I have Tidal 6.0.3 which has been relatively stable for 2 months now. I have some windows servers with agents 18.104.22.168 running several months, and now jobs hange in "launched" status on these.
When this has happened in the past a restart of the agent, or reboot of the agent host has resolved and jobs could run again, this time its not working. event restarted all Tidal services to see if it cleared up anything with same results.
No changes/updates to the servers, has anyone had this before? Can someone point out a resolution to look at? My Scheduler group are starting to hound me on getting these agents going again.
Lauched is a state before job goes active
Job lifecycle from help:
Waits in the production schedule for its dependencies to be met.
Enters a queue and waits for an execution slot to become available.
Launches on its designated agent.
Starts execution successfully on its designated agent.
so the agent should have been assigned the job by the master and it is getting ready for execution (goes active)
it should be getting a PID
does the job status tab have a External ID? and does that ID/PID exist on the Tidal Agent as being active?

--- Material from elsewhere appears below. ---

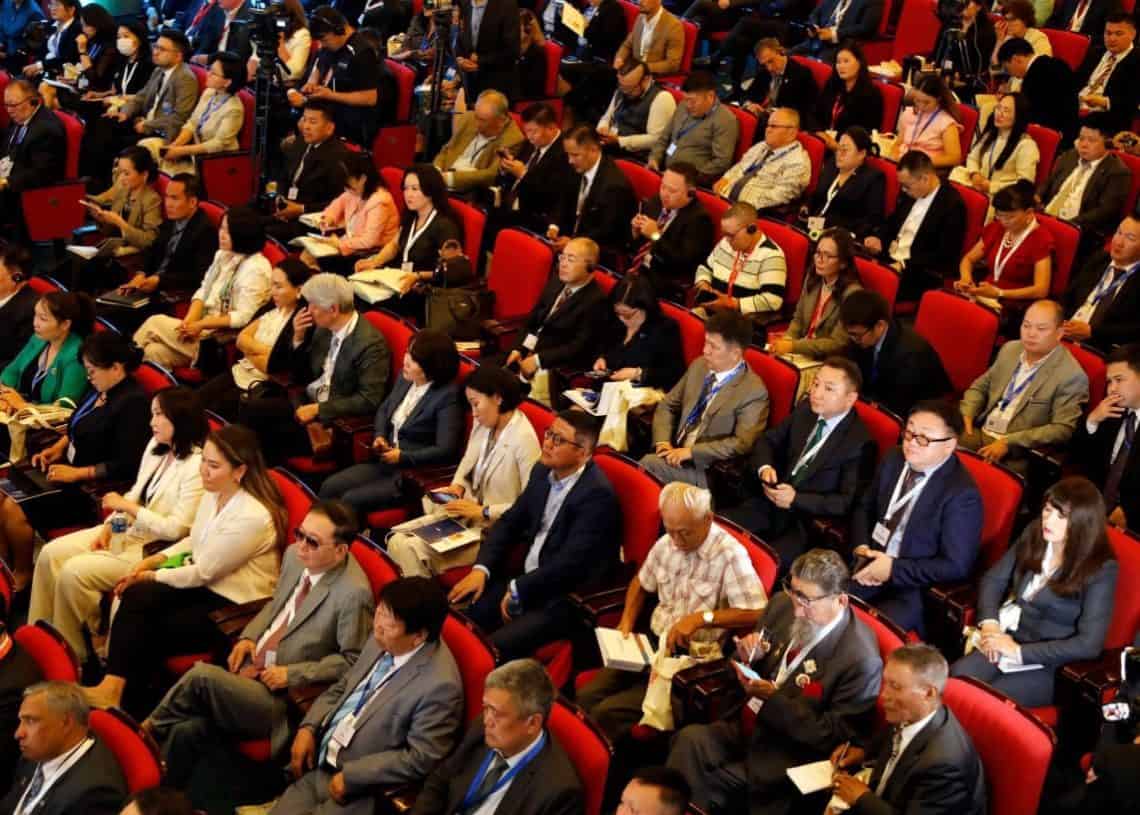 Албан ёсны хувцас өмссөн олон тооны хүмүүс улаан сандал дээр сууж, бизнесийн арга хэмжээ эсвэл чуулганд оролцож байна. Зарим нь бичиг баримт эсвэл цахим төхөөрөмж барьж байхад зарим нь харилцан яриа өрнүүлдэг. Үзэгчид анхааралтай, төвлөрсөн харагдаж байна. - Business.MN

(Tidal External ID= Server PID)
Remote to Agent... open Task Manager ...Process Tab .. select menu item View ...Select columns..Choose PID (Process Identifier). Make sure the check box is checked for [x] Show processes from all users
look for the External ID in the PID column..
if it is there (probalby using no cpu/mem) then problem is likely on agent side and could be code itself..
if it is not there (more likely) than the master was unable to commuicate with Agent and you can investigate the master logs (check agent communicaiton port, increase logging level,/high debug,get Cisco to assist, check network, etc)
Hope this helps
"Launched" status means the master sent a request to the agent, but the agent did not process it. Since a reboot did not resolve the problem, I recommend you try deleted the agent working directory.
In 5.3, when all else failed (the suggestions above), I used sacmd to force the status of the jobs to completed normally or completed abnormally depending on what users need.
Obviously, if underlying problem is not fixed (i.e. network issue, etc) the stuck in launch with continue.
In 6.1 the stuck in launched I have seen seem to recover with a failover (or master bounce) like you mentioned.
looks like a corrupted file event or bad file event (although these file events have been running for several months or longer). Spent 2 hours with Support, and altough only 14 file event jobs associated to this agent, one of them was the culprit to hange up response. disabled all file events, restarted the agent, jobs worked, enabled the file events, jobs still work.
Thanks for updating us. I always find it helpful to know different things to look for. Did they say this was bug related or a weird anomaly? We are on a different version but always something good to watch out for.